Image-text web data:

──────────

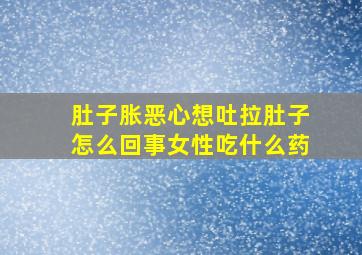 肚子胀恶心想吐拉肚子怎么回事女性吃什么药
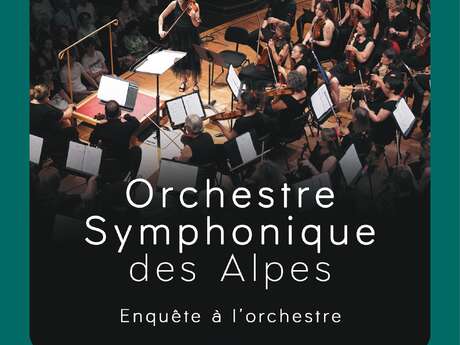 Enquête à l'Orchestre, Orchestre Symphonique des Alpes
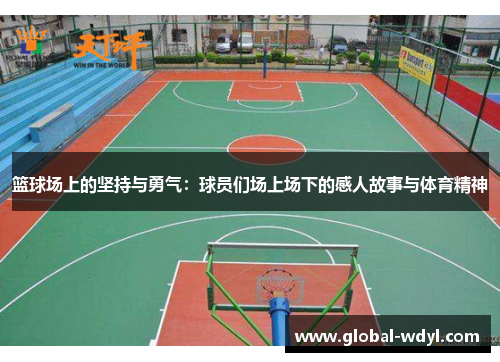 篮球场上的坚持与勇气:球员们场上场下的感人故事与体育精神 篮球场上的坚持与勇气:球员们场上场下的感人故事与体育精神
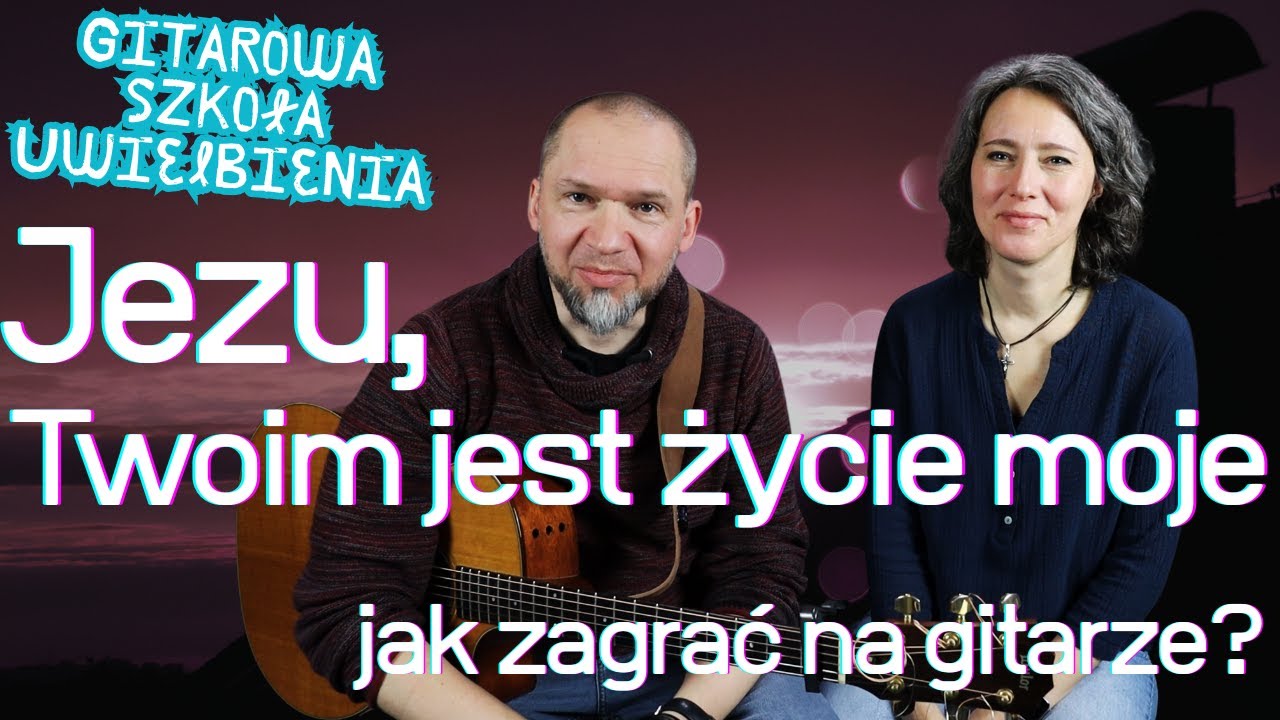 Pieśniopisarze - Jezu, Twoim jest życie moje - jak zagrać na gitarze?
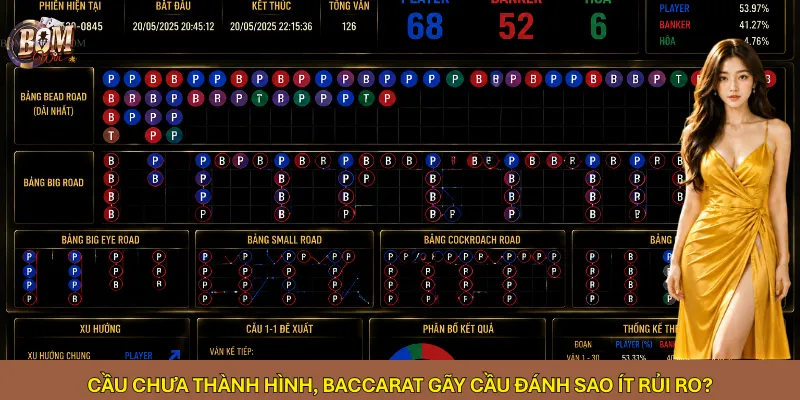 Cầu chưa thành hình, Baccarat gãy cầu đánh sao ít rủi ro?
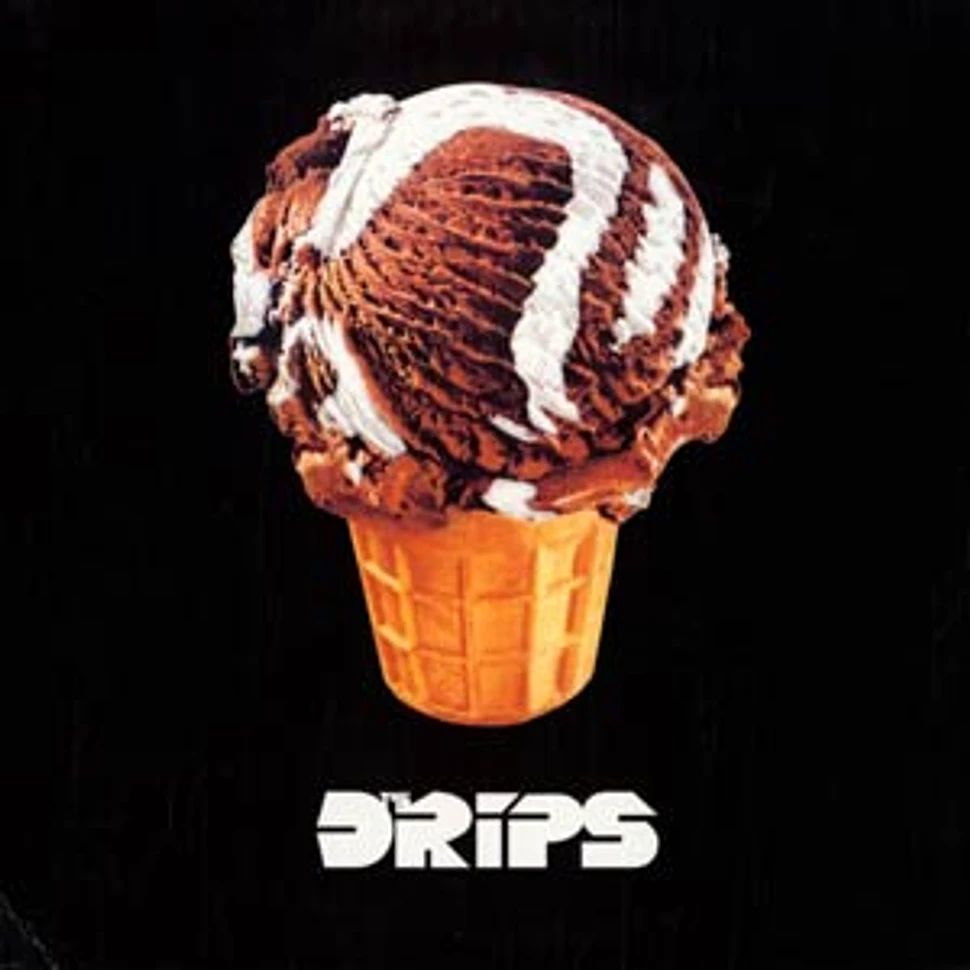 The Drips - Broken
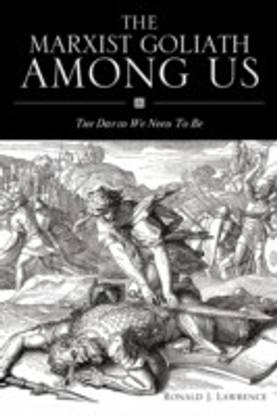 The Marxist Goliath Among Us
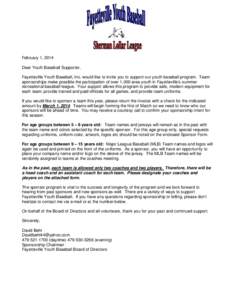 February 1, 2014 Dear Youth Baseball Supporter, Fayetteville Youth Baseball, Inc. would like to invite you to support our youth baseball program. Team sponsorships make possible the participation of over 1,000 area youth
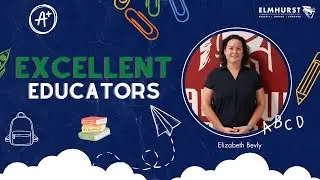 Excellent Educator: Elizabeth Bevly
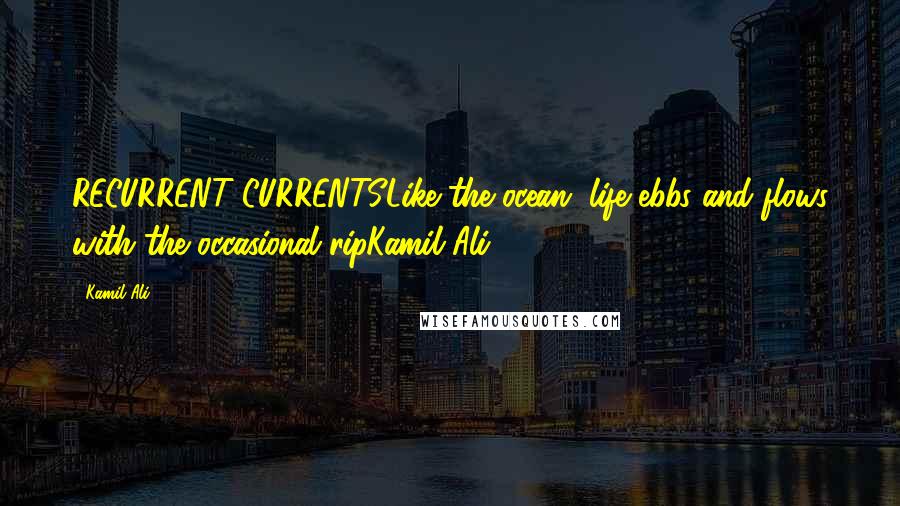 Kamil Ali Quotes: RECURRENT CURRENTSLike the ocean, life ebbs and flows with the occasional ripKamil Ali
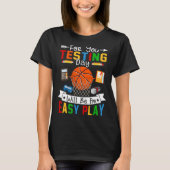Testing Day Will Be An Easy Play Basketball Testin Tシャツ (正面)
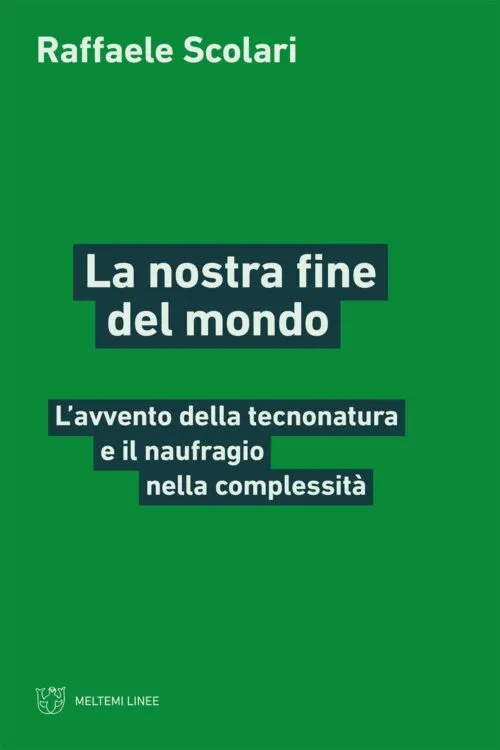 Meltemi Linee La nostra fine del mondo libro volume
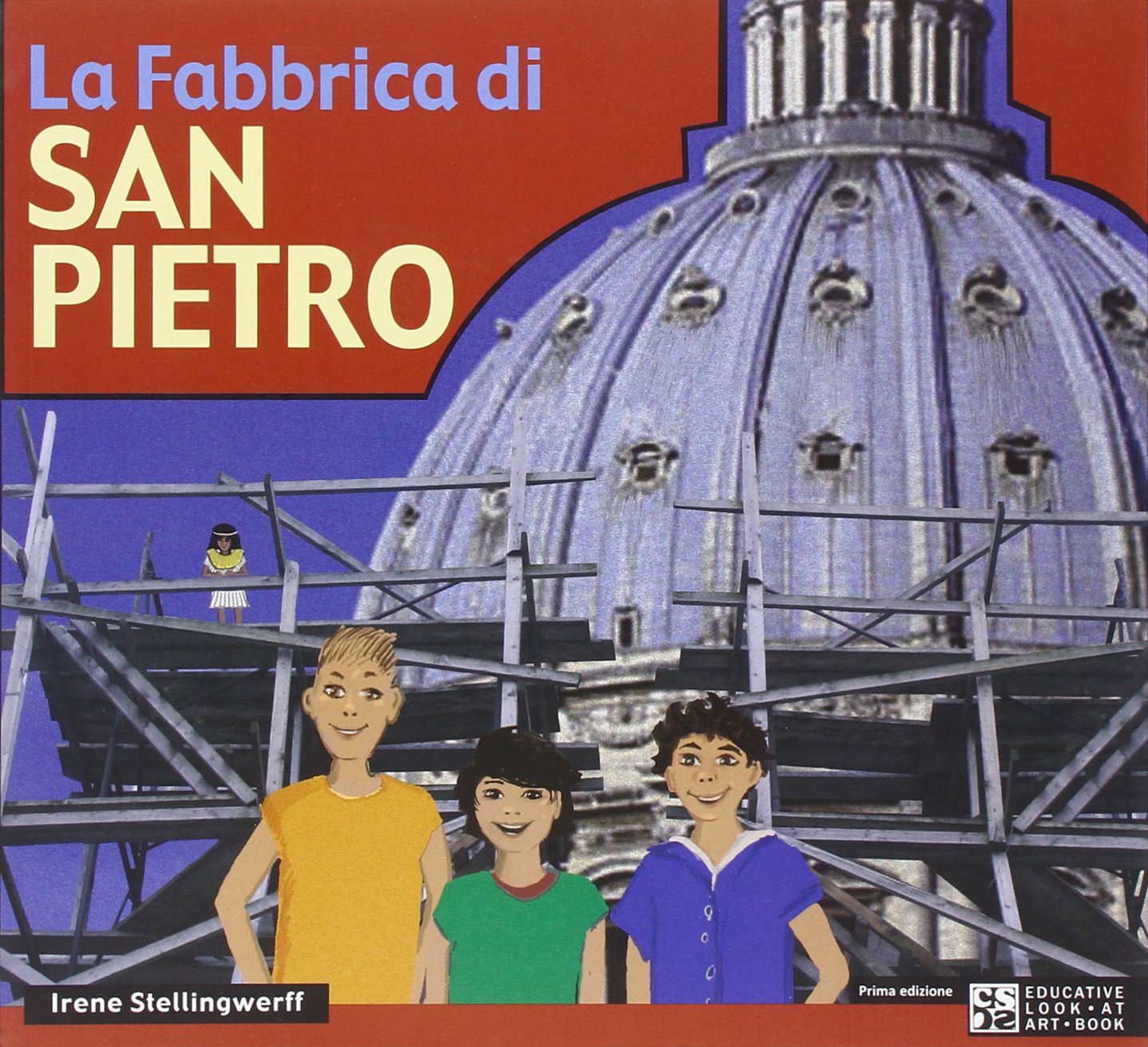 La fabbrica di San Pietro (Educative Look at Art Book) Non-fiction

──────────

» **WHAT THE TASK ASKS**
Output the lines above in full and exactly as given, omitting any pictures.

» **RESPONSE AREA**
 肚子胀恶心想吐拉肚子怎么回事女性吃什么药
 Enquête à l'Orchestre, Orchestre Symphonique des Alpes
 篮球场上的坚持与勇气:球员们场上场下的感人故事与体育精神 篮球场上的坚持与勇气:球员们场上场下的感人故事与体育精神
 Pieśniopisarze - Jezu, Twoim jest życie moje - jak zagrać na gitarze?
 Cầu chưa thành hình, Baccarat gãy cầu đánh sao ít rủi ro?
 The Drips - Broken
 The Marxist Goliath Among Us
 February 1, 2014 Dear Youth Baseball Supporter, Fayetteville Youth Baseball, Inc. would like to invite you to support our youth baseball program. Team sponsorships make possible the participation of over 1,000 area youth
 Excellent Educator: Elizabeth Bevly
 Kamil Ali Quotes: RECURRENT CURRENTSLike the ocean, life ebbs and flows with the occasional ripKamil Ali
Testing Day Will Be An Easy Play Basketball Testin Tシャツ (正面)
 Meltemi Linee La nostra fine del mondo libro volume
 La fabbrica di San Pietro (Educative Look at Art Book) Non-fiction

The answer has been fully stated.